A nation of smokers
Everyone knows that China, in addition to being the Next Big Thing, is the most populous nation on Earth. But the Chinese seem to be doing their best for population control by killing themselves off. China is the most smoke-filled nation in the world, the largest consumer and producer of tobacco. Its 350 million smokers account for a third of the world's total. The country produces 42 per cent of all cigarettes on the planet. Sixty percent of all males over 15 smoke. (Only 4 per cent of all women.) About 1.2 million of the 5 million people in the world who die annually of smoking-related diseases are Chinese. The World Health Organization predicts that 100 million young men in China will die prematurely because of smoking. The bleak stats come from the China Daily (chinadaily.com.cn.), the nation's English language daily, which wants some action. Good luck.
Can I bum a smoke, Doc?
While China has proclaimed that the 2008 Beijing Olympics will be smoke-free, it has done little to discourage smoking. Chinese cigarettes are cheap -- as little as 30 cents a pack. And despite an official ban on sales to kids under 18, children can easily buy cigarettes. The number of Chinese smokers is growing by three million a year. It gets worse. Anyone looking for inspiration in the medical community will be hard pressed to find it: 60 percent of male doctors are smokers. And as many as 90 percent of all smokers believe their habit has little effect on their health. Or that it is good for them.
Good for them?
Last November, The Globe and Mail (Toronto) reported some exciting medical news from China: Smoking is great for your health! Cigarettes are an excellent way to prevent ulcers, reduce the risk of Parkinson's disease, relieve schizophrenia, boost your brain cells, speed up your thinking, improve your reactions and increase your working efficiency! (No word on erectile dysfunction, but you have to believe it helps there, too!) As for those depressing warnings about lung cancer, not to worry. You're more likely to get cancer from kitchen smoke than from smoking!

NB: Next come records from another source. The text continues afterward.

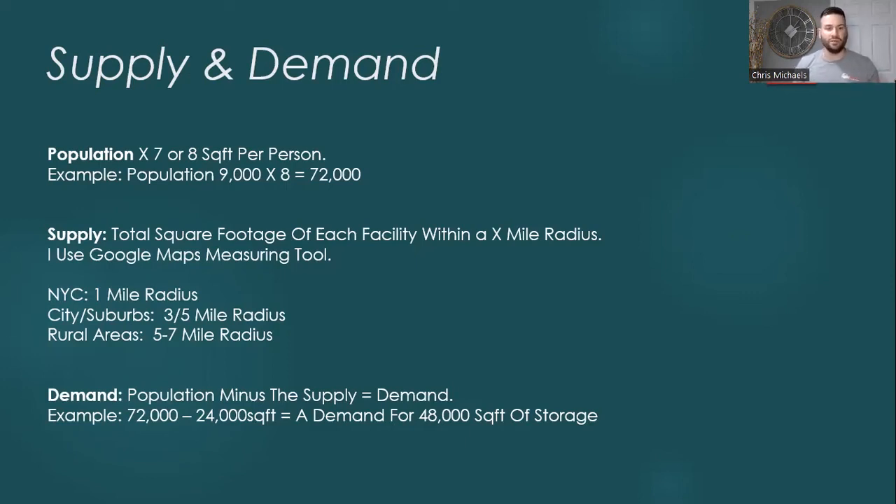Now, in areas such as New York City where they're really dense, you want to be looking within a one-mile radius of your facility. City suburbs, you'll use a three- to five-mile radius. More rural areas, you can go five- to seven-mile radius.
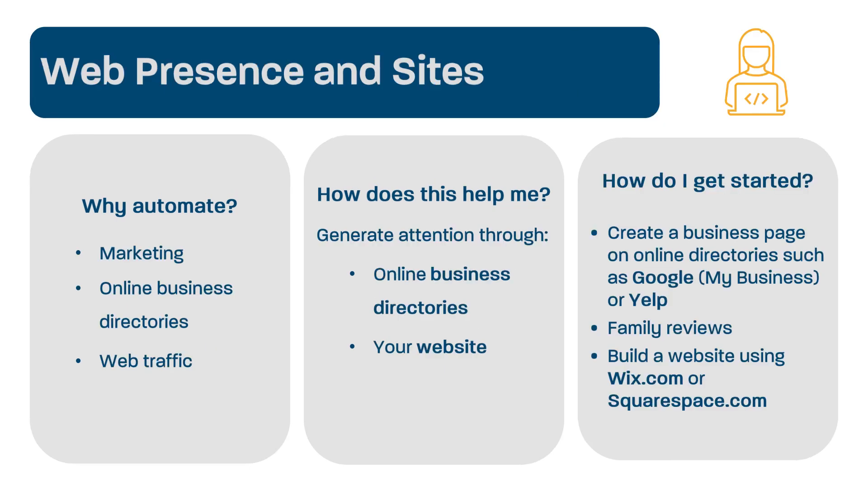Like most businesses nowadays, child care businesses have trouble marketing without some sort of online presence. In some cases, that means a full website, but it doesn't always have to be a business website. Many child care businesses are gaining a lot of attention by using Google My Business, Yelp, or other online business directories. These business directories can be very easy to start up and get running. Additionally, you can ask families that either currently use your services or have in the past to write reviews that will make your business even more attractive to families looking for local child care.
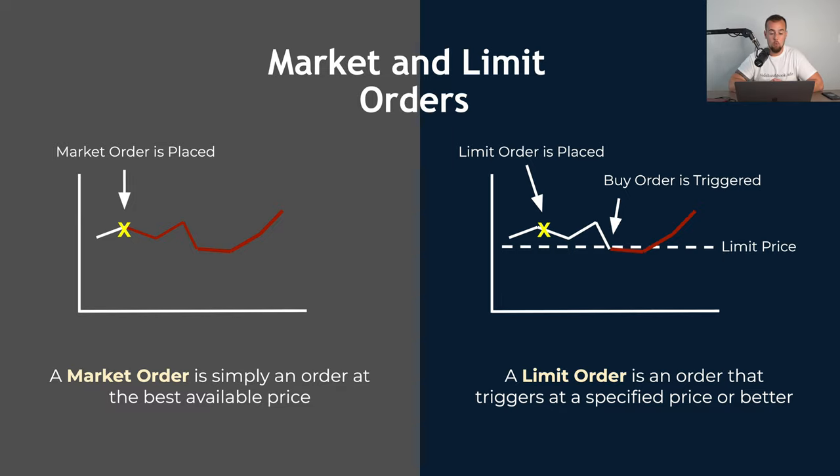The market order is the easiest to understand because it's essentially an order at the best available price at an instantaneous point in time. It's saying: I want my stock, I want it filled right now at the best price you can get me. Your priority in this situation is getting your stock, not necessarily getting a desired price in mind.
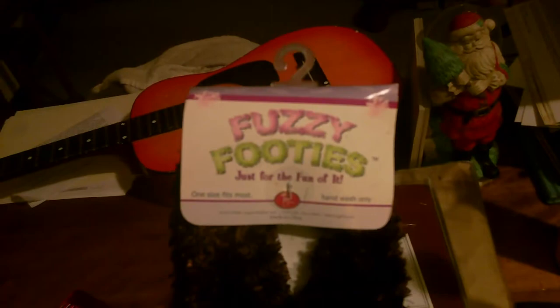Some Fisher Price matching cards. Some lipsticks and lip gloss — never used, NYC. A Conair comb, never used. We also have these fuzzy footies, just for the fun of it — never used.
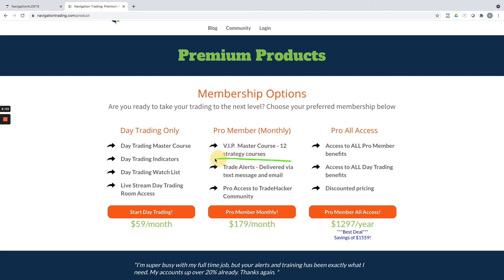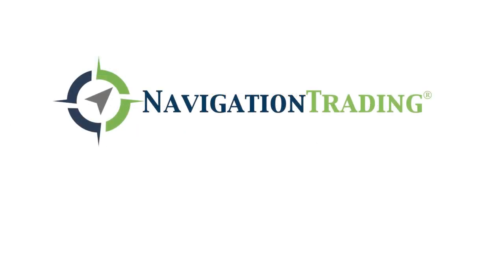These are alerts delivered via text message and email. And if you want to do both, you can pay annually and get huge savings — that includes both the income alerts and strategy courses, as well as the day trading with access to the live stream room. If you guys have any questions, let me know. Otherwise, we'll see you in the community.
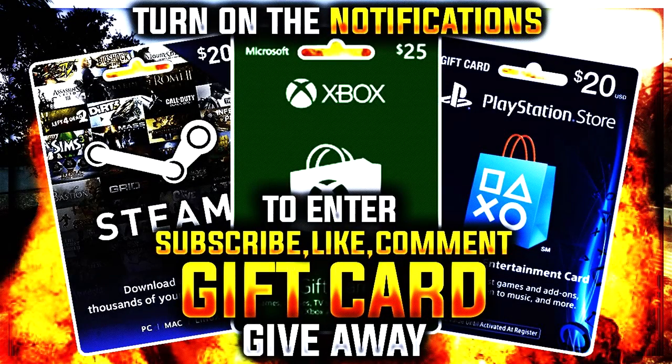If you guys are interested in being entered into my monthly giveaways of $25 Xbox, PSN, or Steam gift cards, make sure you subscribe to the channel, turn on notifications, leave a like on the video, and comment the console and gift card you want. It's the way I like to show support.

"This is the bizarre parallel universe of China's state-owned tobacco monopoly, the world's most successful cigarette-marketing agency," The Globe and Mail reported. "If you believe the Web site of the tobacco monopoly, cigarettes are a kind of miracle drug: solving your health problems, helping your lifestyle, strengthening the equality of women, and even eliminating loneliness and depression." Such preposterous thoughts are widely believed in China.
Side effects may include death
Smoking is considered social custom in China, rather than a dirty, nasty habit pursued by social outcasts, as smokers in the West tend to be viewed by non-smokers. In a 2004 study, Zhenfeng Pan of the University of Louisville concluded: "In China, smoking serves an important social function: the connection builder. When people meet each other, it is a custom for everyone to offer cigarettes to signal respect and hospitality. Among known friends or acquaintances, cigarette offering is equally prevalent and important, and serves the function of reinforcing friendships or relationships. For a non-smoker, it is very easy to suffer the agony and even humiliation of not accepting someone's polite but pushy offer of a cigarette because Chinese culture accepts repeated offerings of cigarettes as a gesture of hospitality."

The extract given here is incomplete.